Supriya Lifescience Limited conducted its Q4 FY26 Earnings Conference Call on May 28, 2026. The company reported its highest-ever revenue and EBITDA performance, with Q4 FY26 revenue reaching INR277 crores and full-year FY26 revenue at INR828 crores, a 18.9% year-on-year growth. The Lote facility received a significant regulatory milestone with a USFDA ‘Voluntary Action Indicated’ classification.
Supriya Lifescience Q4 FY26 Earnings Call Summary
On May 28, 2026, Supriya Lifescience Limited held its Q4 FY26 Earnings Conference Call, where management provided an update on the company’s financial performance and strategic initiatives. Dr. Satish Wagh, Executive Chairman and Whole-Time Director, announced a significant regulatory milestone for the Lote facility, which received the USFDA’s Establishment Inspection Report (EIR) with a ‘Voluntary Action Indicated’ classification following a surprise inspection in February 2026.
Financial Highlights and Performance
The company reported its highest-ever revenue and EBITDA performance for the year. For the fourth quarter of FY26 (Q4 FY26), revenue stood at INR277 crores, a substantial 50% increase year-on-year from INR184 crores in Q4 FY25. EBITDA for Q4 FY26 was INR98 crores, up 44% year-on-year, with an EBITDA margin of 35.5%. Profit After Tax (PAT) for the quarter was INR74 crores, up from INR50 crores in Q4 FY25.
For the full financial year FY26, revenue grew by 18.9% year-on-year to INR828 crores, aligning with the guided growth of approximately 20%. EBITDA for FY26 was INR294 crores, a 13% growth, with margins at a robust 35.5%, surpassing the guided range of 33% to 35%. PAT for FY26 was INR209 crores.
Key Growth Drivers and Product Launches
The export segment continues to be a key growth driver, contributing 82% of the financial year revenues, with Europe showing a strong 40% share. Backward integration initiatives progressed to 76% in FY26. New product launches in FY26 included a key cardiovascular product contributing to Q4 FY26 and an ADHD product with strong demand in LATAM and Europe. A liquid anaesthetic product was also commercialized.
For FY27, the company plans to launch approximately 2 new products in anesthetics and ADHD portfolios to enhance market penetration. The company has secured clearances for the Patalganga land, with phased development set to begin in FY27. Guidance for FY27 includes approximately 20% annual growth in revenue and an EBITDA margin of 33% to 35%, targeting a revenue milestone of INR1,000 crores.

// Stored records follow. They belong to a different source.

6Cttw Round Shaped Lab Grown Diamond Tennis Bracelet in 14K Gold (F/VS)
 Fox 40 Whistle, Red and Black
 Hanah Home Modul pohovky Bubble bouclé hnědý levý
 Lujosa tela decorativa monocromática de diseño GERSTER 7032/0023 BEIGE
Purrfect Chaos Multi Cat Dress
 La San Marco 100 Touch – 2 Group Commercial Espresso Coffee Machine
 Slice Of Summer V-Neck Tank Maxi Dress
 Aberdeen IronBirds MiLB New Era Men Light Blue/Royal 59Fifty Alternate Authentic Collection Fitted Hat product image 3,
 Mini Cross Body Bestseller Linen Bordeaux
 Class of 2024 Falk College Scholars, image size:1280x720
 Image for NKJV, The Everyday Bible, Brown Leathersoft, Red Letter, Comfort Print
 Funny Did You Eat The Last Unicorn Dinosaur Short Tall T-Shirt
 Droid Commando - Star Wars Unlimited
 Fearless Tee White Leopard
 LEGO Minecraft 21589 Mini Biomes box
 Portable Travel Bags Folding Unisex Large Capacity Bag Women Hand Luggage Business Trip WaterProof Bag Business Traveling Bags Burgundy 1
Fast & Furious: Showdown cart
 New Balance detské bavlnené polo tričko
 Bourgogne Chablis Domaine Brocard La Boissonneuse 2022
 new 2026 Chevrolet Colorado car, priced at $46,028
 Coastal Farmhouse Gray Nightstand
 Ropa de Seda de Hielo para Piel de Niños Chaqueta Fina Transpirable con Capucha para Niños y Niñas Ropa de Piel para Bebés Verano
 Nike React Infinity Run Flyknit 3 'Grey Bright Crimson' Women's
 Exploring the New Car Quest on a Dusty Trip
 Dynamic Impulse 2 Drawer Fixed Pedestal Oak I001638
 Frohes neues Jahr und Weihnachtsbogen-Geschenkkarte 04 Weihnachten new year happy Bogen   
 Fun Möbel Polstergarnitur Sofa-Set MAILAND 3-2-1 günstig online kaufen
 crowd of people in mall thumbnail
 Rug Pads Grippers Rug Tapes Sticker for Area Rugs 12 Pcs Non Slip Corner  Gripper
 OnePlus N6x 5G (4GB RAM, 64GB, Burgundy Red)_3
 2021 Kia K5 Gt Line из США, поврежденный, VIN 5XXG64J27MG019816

Operational and Regulatory Updates
The company is focusing on expanding regulated markets and strengthening its competitive edge through backward integration and regulatory expertise. Capital expenditure for FY26 was INR152 crores, primarily on the Ambernath facility and other projects. The Patalganga facility is planned with a Phase 1 capex of approximately INR200 crores.
In terms of R&D, Supriya Lifescience has set up two new R&D labs and is focusing on new APIs, niche molecules, and formulations. The company is exploring CMO, CDMO, and CRO opportunities. Management expects continued growth of 20% plus year-on-year, with potential acceleration upon full commercialization of Ambernath and Patalganga.
Market Outlook and Strategy
Management highlighted a ‘China Plus One’ strategy to avoid direct competition within India and focus on export markets. The company is not seeing significant pricing pressure on its main products due to its agile working model and ability to pass on raw material cost increases. The focus remains on regulated markets for higher margins, with semi-regulated markets serving as an entry point for new products.
Regarding the US market, management acknowledged that the current portfolio has a larger presence in Europe and LATAM, but new product launches are expected to increase exposure to the US market over the next 3-4 years.
Outlook for Next Steps
The company anticipates revenue from the GLP-1 product development segment in approximately 2 years. Net working capital days are expected to stabilize between 170 to 180 days. The EBITDA margin is projected to remain between 33% to 35%, considering the ongoing launch of new products in both semi-regulated and regulated markets.